-------- EXCERPTED DATA

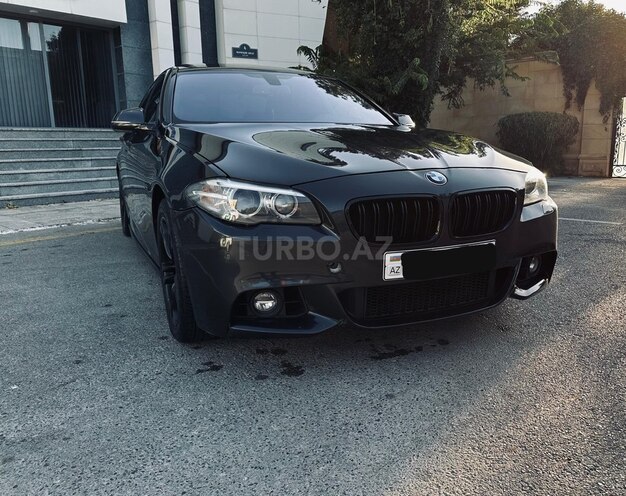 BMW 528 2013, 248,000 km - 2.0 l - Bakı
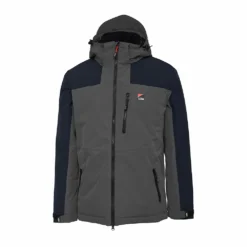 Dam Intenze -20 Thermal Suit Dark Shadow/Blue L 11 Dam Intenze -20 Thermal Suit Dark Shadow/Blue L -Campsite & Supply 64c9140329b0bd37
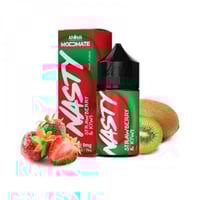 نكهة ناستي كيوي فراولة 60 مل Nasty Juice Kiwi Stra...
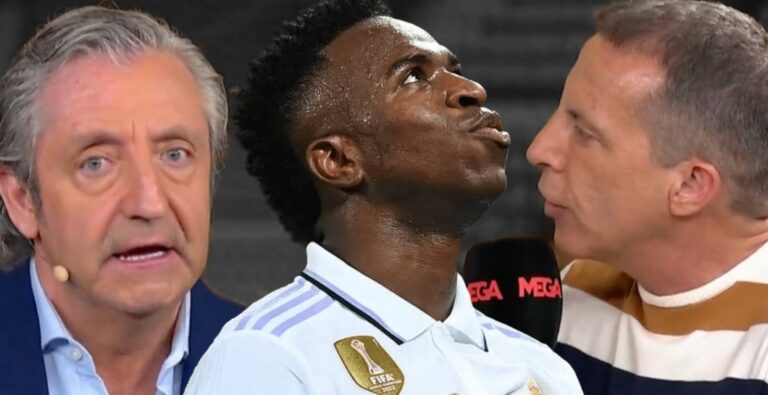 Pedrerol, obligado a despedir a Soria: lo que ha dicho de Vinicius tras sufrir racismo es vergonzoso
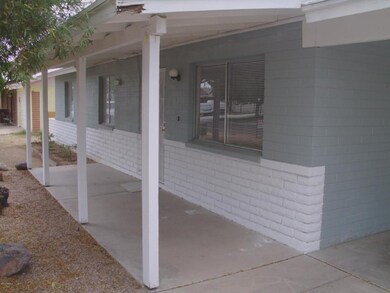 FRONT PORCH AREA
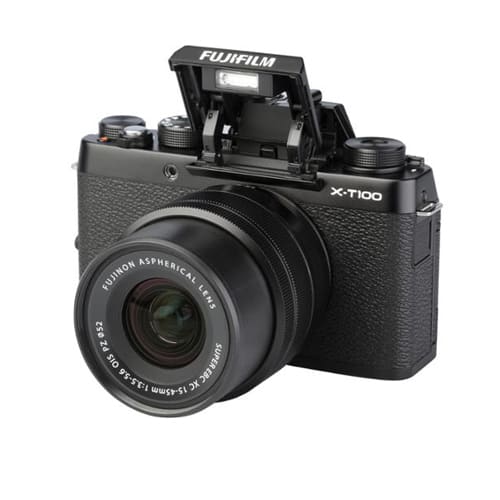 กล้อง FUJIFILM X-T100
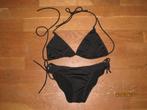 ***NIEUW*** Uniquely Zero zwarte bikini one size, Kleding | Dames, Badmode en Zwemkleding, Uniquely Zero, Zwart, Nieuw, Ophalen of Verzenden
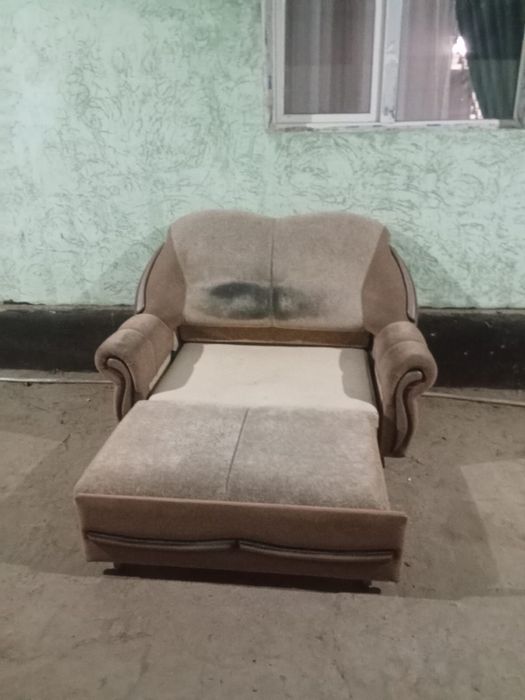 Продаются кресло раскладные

----------------

# EXERCISE OBJECTIVE:
In the entries above, find the line that contains "Dam Intenze -20 Thermal Suit Dark Shadow/Blue L 11" and the line that contains "กล้อง FUJIFILM X-T100". Reproduce exactly those two lines and every line between them, but not the pictures.

# REPLY TO THE TASK:
 Dam Intenze -20 Thermal Suit Dark Shadow/Blue L 11 Dam Intenze -20 Thermal Suit Dark Shadow/Blue L -Campsite & Supply 64c9140329b0bd37
 نكهة ناستي كيوي فراولة 60 مل Nasty Juice Kiwi Stra...
 Pedrerol, obligado a despedir a Soria: lo que ha dicho de Vinicius tras sufrir racismo es vergonzoso
 FRONT PORCH AREA
 กล้อง FUJIFILM X-T100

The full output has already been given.